In fact, published data has compared high-dose and low-dose IVF protocols, and the results show that there is no difference in pregnancy rates when either protocol is used. This particularly seems to be the case among women with a low egg supply. And the added benefit of milder stimulation is fewer side effects and lower costs for drugs per cycle!
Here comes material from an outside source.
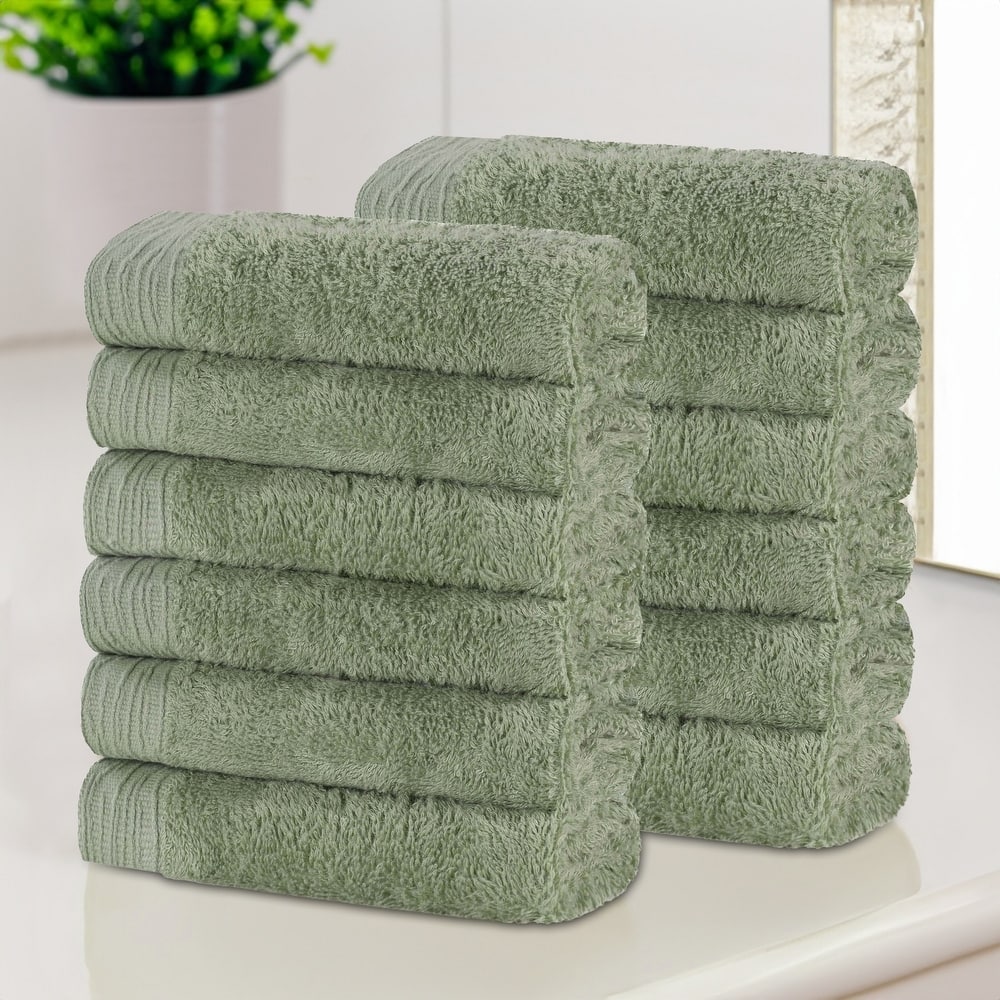 Superior Sierra Rayon From Bamboo Cotton Blend Face Towel Washcloth Set of 12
Now, minimal stimulation is not typically a one-cycle option. Because many patients who pursue IVF are older or produce many abnormal embryos, multiple cycles might need to be done — in a process called batching, whereby eggs and embryos are collected over multiple cycles. Sometimes we use PGS (preimplantation genetic sampling) to analyze the genetics of the embryos after a few cycles, and multiple embryos are collected.
Which drugs are used for minimal-stimulation IVF? As with any recipe, this varies from clinic to clinic, patient to patient, and doctor to doctor. Sometimes fertility doctors will use pills alone, such as Letrozole or Clomiphene, and sometimes in combination with gonadotropin injections, such as FSH or hMG, but typically at lower doses, using 150 IU per day rather than 300 or 450 IU.
Usually, the stimulation is still about 9 to 11 days long, and it still involves one or more egg retrievals, but the side effects during stimulation and the egg retrieval procedure might be less painful and better tolerated because fewer eggs are being produced per cycle.
Ask your fertility doctor about whether mini-IVF is an option for you. Just like a good recipe, even though the tried and true choice will often produce a reliable and tasty result, sometimes switching things up can surprisingly have a better effect!